Housing at the Bassins à Flot
The studio delivered approximately two hundred dwellings located in four separate buildings on a prominent site within the new Bassins à Flot district. Two buildings were newly constructed and two were refurbished. This layering of eras creates an urban environment that simultaneously rekindles the industrial memory of the place and injects it with contemporary vitality.
Nabil Guettal, Project manager
Raphaël Guillemette, Project assistant
AIA, Structural engineering
BE Vivien, MEP and thermal
ABAC, Civil engineering (roads and utilities)
Dauchez Payet, Sustainable design & engineering consultancy (HQE and French Standards)
Emacoustic, Acoustics
Sabine Haristoy, Landscape architect
Block B2 – 102 student studios in renovation
Blocks B1 / B3 / B4 – 107 housing units, including 32 renovated and 75 new-build units
Bordeaux, Bassins à Flot, emblematic project (2013–2021)
In 1882, the first of two wet docks was built on former marshland bordering the Garonne to accommodate an ever-growing number of larger vessels.

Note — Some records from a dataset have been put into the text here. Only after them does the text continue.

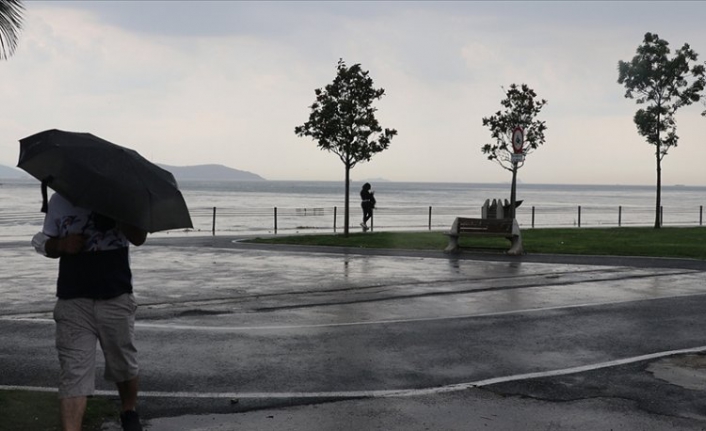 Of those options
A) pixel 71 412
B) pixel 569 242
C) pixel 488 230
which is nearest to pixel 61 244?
pixel 71 412

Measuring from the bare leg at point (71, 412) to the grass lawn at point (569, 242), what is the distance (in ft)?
54.7

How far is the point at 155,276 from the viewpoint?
1493 cm

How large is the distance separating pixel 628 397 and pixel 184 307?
6.40 m

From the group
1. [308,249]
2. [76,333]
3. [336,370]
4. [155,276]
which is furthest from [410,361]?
[308,249]

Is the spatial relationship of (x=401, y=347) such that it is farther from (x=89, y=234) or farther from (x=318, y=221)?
(x=318, y=221)

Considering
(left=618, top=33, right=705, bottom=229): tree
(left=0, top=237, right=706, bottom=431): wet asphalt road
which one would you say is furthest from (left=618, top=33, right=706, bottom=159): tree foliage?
(left=0, top=237, right=706, bottom=431): wet asphalt road

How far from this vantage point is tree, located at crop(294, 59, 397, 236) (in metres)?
27.0

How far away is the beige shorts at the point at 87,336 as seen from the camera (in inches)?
190

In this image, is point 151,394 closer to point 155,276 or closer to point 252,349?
point 252,349

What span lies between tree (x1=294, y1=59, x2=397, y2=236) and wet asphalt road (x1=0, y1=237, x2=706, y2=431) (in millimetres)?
11410

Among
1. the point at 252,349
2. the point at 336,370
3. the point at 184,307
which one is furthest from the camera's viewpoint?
the point at 184,307

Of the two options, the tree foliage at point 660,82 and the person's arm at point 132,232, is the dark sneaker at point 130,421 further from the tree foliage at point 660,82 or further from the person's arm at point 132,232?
the tree foliage at point 660,82

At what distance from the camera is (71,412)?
4.78 m

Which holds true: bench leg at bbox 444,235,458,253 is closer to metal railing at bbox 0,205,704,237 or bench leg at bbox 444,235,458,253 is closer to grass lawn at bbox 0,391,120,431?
metal railing at bbox 0,205,704,237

A second wet dock built in the early twentieth century gave rise to a bigger landscape of locks, piling jetties, dry docks, warehouses, and various industrial buildings. Left largely derelict after local industry declined, the site has been undergoing a transformation since 2009 into a new urban district known as the Bassins à Flot. It is being developed following the principles of Anma's urban masterplan, which aim to preserve the industrial memory of the place.

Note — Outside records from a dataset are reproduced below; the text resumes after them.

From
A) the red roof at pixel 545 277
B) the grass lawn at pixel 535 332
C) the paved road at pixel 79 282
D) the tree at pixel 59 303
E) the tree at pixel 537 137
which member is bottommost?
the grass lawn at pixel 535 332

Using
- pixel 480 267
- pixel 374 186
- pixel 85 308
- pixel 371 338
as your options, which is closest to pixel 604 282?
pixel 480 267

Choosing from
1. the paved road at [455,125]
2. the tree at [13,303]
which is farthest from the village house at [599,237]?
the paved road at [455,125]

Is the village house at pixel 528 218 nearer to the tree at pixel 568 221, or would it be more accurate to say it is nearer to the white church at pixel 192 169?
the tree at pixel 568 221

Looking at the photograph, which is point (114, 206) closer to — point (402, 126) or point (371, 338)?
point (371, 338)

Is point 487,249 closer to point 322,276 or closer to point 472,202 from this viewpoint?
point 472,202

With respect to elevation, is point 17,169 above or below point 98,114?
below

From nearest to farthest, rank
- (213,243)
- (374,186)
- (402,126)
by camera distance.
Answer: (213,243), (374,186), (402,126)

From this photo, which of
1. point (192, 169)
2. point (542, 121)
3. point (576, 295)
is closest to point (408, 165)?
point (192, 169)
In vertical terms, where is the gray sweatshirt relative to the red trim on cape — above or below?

Fronting the quai du Sénégal and sitting opposite the lock, the site is now the gateway into the new district. The approximately two hundred dwellings are housed across four buildings: two in former Lesieur factory warehouses which have now been refurbished and two new-build structures.

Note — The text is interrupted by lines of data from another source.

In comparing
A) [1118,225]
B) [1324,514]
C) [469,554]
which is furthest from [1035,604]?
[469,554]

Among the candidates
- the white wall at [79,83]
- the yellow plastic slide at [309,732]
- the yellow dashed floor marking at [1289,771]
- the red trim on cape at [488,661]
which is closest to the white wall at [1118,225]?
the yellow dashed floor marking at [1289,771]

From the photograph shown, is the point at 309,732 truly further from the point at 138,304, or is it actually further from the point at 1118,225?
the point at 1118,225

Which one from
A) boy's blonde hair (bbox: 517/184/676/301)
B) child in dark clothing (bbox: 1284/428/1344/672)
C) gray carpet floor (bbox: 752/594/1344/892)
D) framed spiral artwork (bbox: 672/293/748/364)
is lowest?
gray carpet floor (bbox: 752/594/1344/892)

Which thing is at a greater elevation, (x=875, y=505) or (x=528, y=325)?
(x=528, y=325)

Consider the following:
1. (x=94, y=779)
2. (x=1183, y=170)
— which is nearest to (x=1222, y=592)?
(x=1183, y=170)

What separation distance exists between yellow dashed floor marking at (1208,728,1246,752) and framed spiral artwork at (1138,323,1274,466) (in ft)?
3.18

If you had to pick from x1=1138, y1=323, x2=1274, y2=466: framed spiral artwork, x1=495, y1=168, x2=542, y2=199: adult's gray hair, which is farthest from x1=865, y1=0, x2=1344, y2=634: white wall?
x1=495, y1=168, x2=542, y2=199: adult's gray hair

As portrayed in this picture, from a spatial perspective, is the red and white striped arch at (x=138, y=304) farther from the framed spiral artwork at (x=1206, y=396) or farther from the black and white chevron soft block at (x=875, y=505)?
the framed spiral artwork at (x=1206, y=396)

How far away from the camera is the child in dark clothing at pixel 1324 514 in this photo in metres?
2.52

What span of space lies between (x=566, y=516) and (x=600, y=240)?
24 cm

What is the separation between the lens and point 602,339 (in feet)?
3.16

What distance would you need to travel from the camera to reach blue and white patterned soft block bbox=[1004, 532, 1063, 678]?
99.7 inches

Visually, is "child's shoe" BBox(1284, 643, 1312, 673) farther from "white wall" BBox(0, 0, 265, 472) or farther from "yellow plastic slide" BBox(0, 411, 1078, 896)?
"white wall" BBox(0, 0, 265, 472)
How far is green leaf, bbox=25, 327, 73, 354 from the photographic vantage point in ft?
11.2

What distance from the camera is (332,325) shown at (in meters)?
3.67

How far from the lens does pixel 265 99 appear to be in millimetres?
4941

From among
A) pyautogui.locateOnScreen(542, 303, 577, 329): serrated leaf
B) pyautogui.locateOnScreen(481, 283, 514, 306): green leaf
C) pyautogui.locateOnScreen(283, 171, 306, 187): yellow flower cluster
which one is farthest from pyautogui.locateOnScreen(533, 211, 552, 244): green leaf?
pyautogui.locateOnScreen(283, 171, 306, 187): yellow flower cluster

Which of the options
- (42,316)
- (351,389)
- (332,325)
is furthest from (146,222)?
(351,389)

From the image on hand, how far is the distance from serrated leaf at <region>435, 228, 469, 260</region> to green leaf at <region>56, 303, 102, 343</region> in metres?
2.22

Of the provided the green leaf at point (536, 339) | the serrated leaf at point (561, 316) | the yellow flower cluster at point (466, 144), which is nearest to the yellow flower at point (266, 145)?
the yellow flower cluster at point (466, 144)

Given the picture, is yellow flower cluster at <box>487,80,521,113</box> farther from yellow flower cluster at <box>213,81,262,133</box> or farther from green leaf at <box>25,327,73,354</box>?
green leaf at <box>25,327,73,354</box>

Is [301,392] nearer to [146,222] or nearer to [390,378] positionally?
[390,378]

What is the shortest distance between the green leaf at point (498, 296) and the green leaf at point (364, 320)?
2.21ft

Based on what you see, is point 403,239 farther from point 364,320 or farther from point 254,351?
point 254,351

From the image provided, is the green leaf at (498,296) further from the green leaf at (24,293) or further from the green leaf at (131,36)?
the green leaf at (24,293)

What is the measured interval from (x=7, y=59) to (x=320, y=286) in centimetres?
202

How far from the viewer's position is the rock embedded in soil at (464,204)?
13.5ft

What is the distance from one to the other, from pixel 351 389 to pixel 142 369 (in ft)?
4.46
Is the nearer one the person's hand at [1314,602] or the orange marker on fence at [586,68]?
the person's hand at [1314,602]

Only the steel frame and a fragment of the façade of the first warehouse survived. It now features white perforated-sheet cladding and has been converted into lofts and duplex apartments. The second warehouse retained its iron-framed structure with plaster-brick infill and large windowed bays and has been fully restored. A concrete extension was executed as a volumetric extrusion and finished in a brick-red tone. It houses a residence for young workers with about one hundred rooms and shared communal spaces.
The two new buildings sit in continuity with the renovated warehouses. They are connected by a shared plinth housing a semi-subterranean car park whose roof forms a raised garden. The massing and sawtooth rooflines of the new blocks freely reinterpret the site’s industrial vernacular. Materials used in their facades – dark brown brick for one, white render for the other – are in dialogue the two renovated warehouses, which feature plaster brick and white perforated sheeting. Taken together, the ensemble forms a living tableau which illustrates the history of the district and its renewal.